A reconfigurable processor is a microprocessor with erasable hardware that can dynamically rewire. This allows the chip to adapt effectively to the programming tasks required by the particular software with which it is interfacing at any given time. Ideally, the reconfigurable processor may be transformed from a video chip to a central processing unit (CPU) to a graphics chip, for example, all optimized to allow the applications to run at the highest possible speed.
These chips are like providing a chip on demand. In practical terms, this capability can translate into immense flexibility in terms of device functions. For example, a single device could serve as a camera and recorder (among many other possibilities): it would simply download the desired software and the processor would be reconfigured to optimize the performance of that function.

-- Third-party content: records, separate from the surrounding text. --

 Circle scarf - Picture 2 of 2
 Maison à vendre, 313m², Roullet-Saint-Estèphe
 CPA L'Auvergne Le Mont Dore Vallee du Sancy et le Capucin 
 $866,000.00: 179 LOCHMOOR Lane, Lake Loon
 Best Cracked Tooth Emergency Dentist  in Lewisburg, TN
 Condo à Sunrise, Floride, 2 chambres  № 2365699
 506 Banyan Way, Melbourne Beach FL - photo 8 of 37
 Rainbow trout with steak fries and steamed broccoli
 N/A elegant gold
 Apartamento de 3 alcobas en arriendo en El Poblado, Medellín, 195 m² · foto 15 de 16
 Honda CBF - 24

According to a recent article in the Red Herring magazine, such device versatility might be available in 2003. The reconfigurable processor usually contains several parallel processing computational units known as functional blocks. These functional blocks are connected all the way possible. When reconfiguring the chip, the connections within the functional blocks and the connections between the functional blocks are changing.
This means that when a particular software is loaded, the current hardware design is cleared and a new hardware design is generated by causing a certain number of connections to be activated while others are inactive. This will set the optimal hardware configuration for that particular software. The key to the design is the small size of each processing element. The smaller chip segments can be defined with only 50 bits of software code, so the entire chip can be reprogrammed with only 50,000 bits of software description. It takes only 20 microseconds to reconfigure the entire processing matrix.